Troubleshooting

Ceph unhealthy

If using (micro)ceph for storage, is it healthy?

Check

Output

Potential cause

Remediation

ceph health detail

HEALTH_WARN There are daemons running an older version of ceph; Reduced data availability:

Some OSDs restarted and were running a newer version than the rest of the OSDs

Restart the other OSDs using the command for your deployment: classic Ceph: systemctl restart ceph-osd@<id>; MicroCeph: restart the corresponding MicroCeph snap service for the affected OSD(s).

Gateway address unavailable

Whenever Traefik is used to ingress your Kubernetes workloads, you might in some specific cases encounter a “Gateway Address Unavailable” message. In this article, we’ll go through what you can do to remediate it.

Caution

In this article, we will assume that you are running MicroK8s on either a bare-metal or virtual machine. If your setup differs from this, parts of the how-to may still apply, although you will need to tailor the exact steps and commands to your setup.

Checklist

  • You have run juju trust traefik --scope=cluster

  • The MetalLB MicroK8s add-on is enabled.

  • Traefik’s service type is LoadBalancer.

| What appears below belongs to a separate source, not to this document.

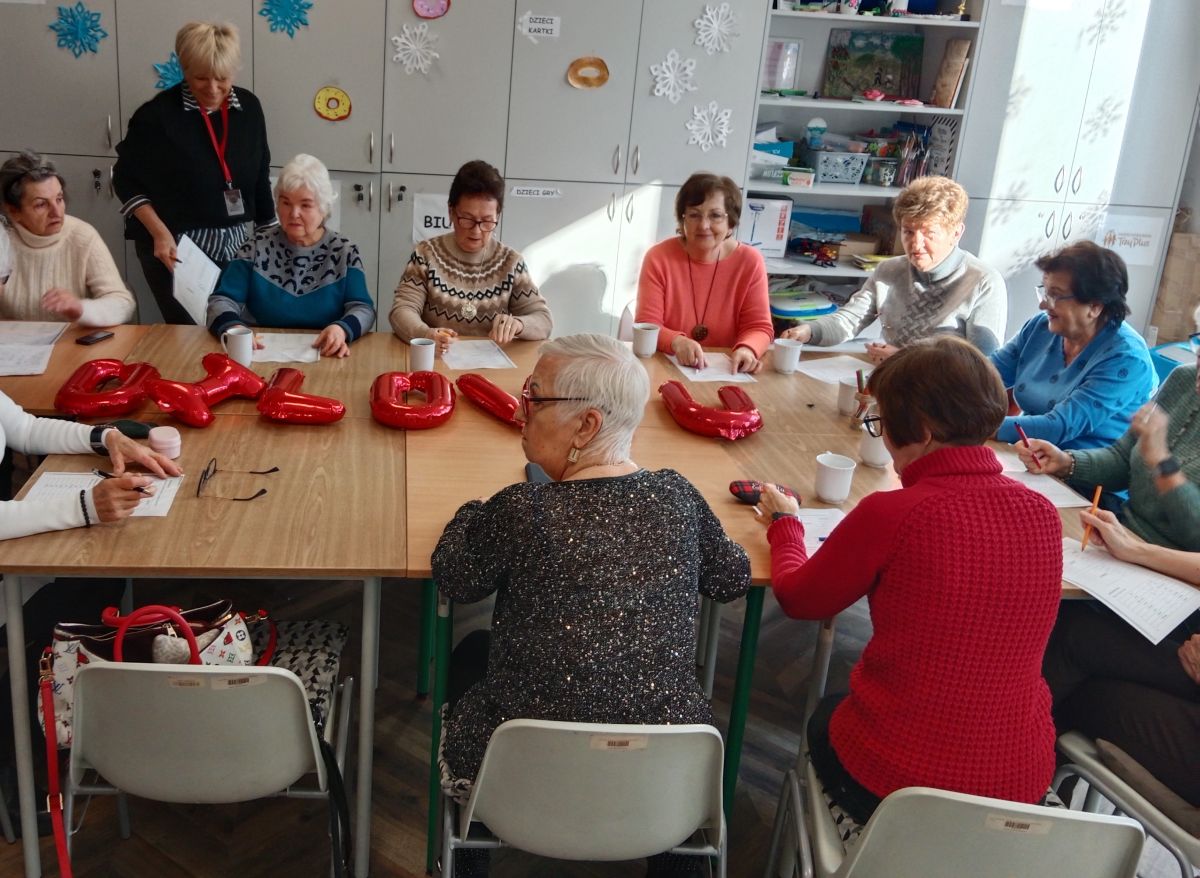 Grupa seniorek uczestniczy w zajęciach przy stole ozdobionym balonami z napisem 'LOVE'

  • An external IP address is assigned to Traefik.

Possible causes

The MetalLB add-on isn’t enabled

Check with:

$ microk8s status -a metallb

If it is disabled, you can enable it with:

$ IPADDR=$(ip -4 -j route get 2.2.2.2 | jq -r '.[] | .prefsrc')
$ microk8s enable metallb:$IPADDR-$IPADDR

This command will fetch the IPv4 address assigned to your host, and hand it to MetalLB as an assignable IP. If the address range you want to hand to MetalLB differs from your host IP, alter the $IPADDR variable to instead specify the range you want to assign, for instance IPADDR=10.0.0.1-10.0.0.100.

No external IP address is assigned to the Traefik service

Does the Traefik service have an external IP assigned to it? Check with:

$ JUJU_APP_NAME="traefik"
$ kubectl get svc -A -o wide | grep -E "^NAMESPACE|$JUJU_APP_NAME"

No available IP in address pool

This can happen when:

  • MetalLB has only one IP in its range but you deployed two instances of Traefik, or when Traefik is forcefully removed (--force --no-wait) and a new Traefik app is deployed immediately after.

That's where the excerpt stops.